= S. J. Kessler and Sons =

American architectural firm

S.J. Kessler and Sons was an American architectural firm based in New York City, and active through at least 1980.

==History==
Founded in early 20th century by architect and engineer Samuel J. Kessler, the namesake firm quickly grew to become one of the premier architectural firms in New York City during the 1950s. During this period of time, the firm, initially headed by Sam Kessler and then his sons Matthew J. Kessler, Melvin E. Kessler and grandson Stuart thereafter, was responsible for the design and construction of numerous buildings in the New York City area, later expanding their reach to northeastern Pennsylvania, including the cities of Allentown, Bethlehem, and Hershey. They also designed buildings in Boston, Massachusetts, and St. Louis, Missouri.

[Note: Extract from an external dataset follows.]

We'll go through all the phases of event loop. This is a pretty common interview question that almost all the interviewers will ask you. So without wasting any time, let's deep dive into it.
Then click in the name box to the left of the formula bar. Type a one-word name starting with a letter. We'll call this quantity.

Its later buildings include the 12-story apartment complex the A.K. Houses in East Harlem, on Lexington Avenue between East 127th and East 128th Streets, built in 1980.

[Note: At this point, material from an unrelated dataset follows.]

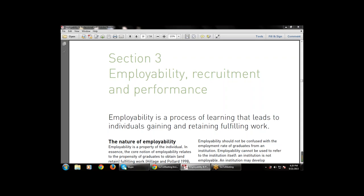Hello everyone, welcome to the Macri virtual. Today I am going to continue with the same module on employability and professional development, but with a new concept: section number four on how to develop personality in human development with higher education. Before this, let's continue with the previous session. We covered section number three: employability, recruitment, and performance.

Following an investigation by the Senate Committee on Banking and Currency in late 1954, during the development of Manhattantown (later called Park West Village) on Manhattan's Upper West Side, New York City mayor Robert Wagner placed a five-year moratorium on "Title I", urban renewal projects involving Manhattantown's initial private participants. This included Melvin E. Kessler, who had taken an equity position in the development but whose fees had been misrepresented in the sponsors' public filings.

==Buildings==
Among the buildings constructed by S.J. Kessler & Sons in New York City are Lincoln Towers, West Park Village, Lenox Terrace in Harlem, Washington Square Village, Park West Village (with Skidmore, Owings & Merrill, and One Sherman Square Apartments.

Outside New York, the firm also designed One Hershey Plaza.